Once I wanted to strangle a friend of mine in heated debated about the validity of AAEV. Although he acknowledged that it existed, and that he and his wife spoke it, it was adamant about his children not speaking it which was stupid because they live in to house with him and so they will absorb it as he did. I thought that his public denouncement of AAEV gave others permission to continue to devalue our culture.
Another time an upper middle class friend of mine, the daughter of a doctor back in the day when the title meant something, was irritated by my use of the vernacular “ax” in the front of a White woman. First of all, my sister drilled “ask” into my head as a child and I can remember a White woman remarking that I was the only Black person she ever heard actually say ask with a “k” sound and not an “x” sound. So, I was usually conscious of articulating the “k” sound, But I guess on that day during our three person wring group—the two of us and the instructor--I took off my educated cap and slipped into the comfort of the vernacular and committed the unthinkable.
It’s been years since the incident, but I can still feel the sting of her comment not because I said in front of a White woman but because I embarrassed a Black woman in front of a White woman.
I am a teacher. I am a writer. I love words. I love language and I have grown to appreciate all of its varieties and I try to teach it that way. Language is constantly changing and evolving just as we are as people.

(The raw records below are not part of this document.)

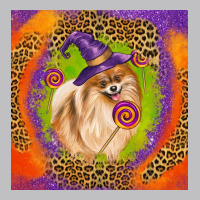 Halloween Pomeranian Dog Classic Tee | Teevron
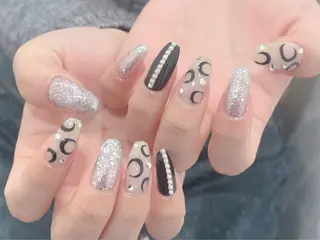 ネイル MASAKI フィルイン施術のネイルデザイン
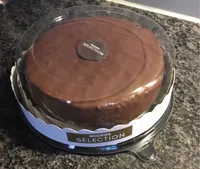 Tourte truffes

And language is only one obstacle to learning to love and not loath who we are as African-American people. Everything we do is under the microscope. As a child, I loved the TV show The Monkeys, and my nieces and I often monkey walked down the street. One year we went on a cruise, and it was Kerokee night. I wanted to do the Monkeys, but my niece refused. She said she would not give white people permission to call us apes when that’s what they thought of us anyway. I know people who won’t eat watermelon or bananas in the presence of non-white people. The list goes on as to what we won’t do to identify with being “too black” which translates into “ghetto” which translates into “niggerish”—non of which any self-respecting African American would want to be associated with.
It has taken time to be comfortable in my skin—all aspects of it. I’ve reached a place where I don’t care what others think because if a person is prejudiced or bigoted in any way, my actions will not change the feelings in their heart. So, when a foot-stomping, head bobbing, finger-snapping song comes on while I’m driving, I like to turn the radio up and sing and dance along. And for those who find my behavior deplorable because it feeds the beast—the stereotype of the singin’/dancin’ happy, but clueless Negro, I make no apologies for “neither acting my age nor my color.” I’m not tiptoeing around stereotypes; I’m living my life out loud.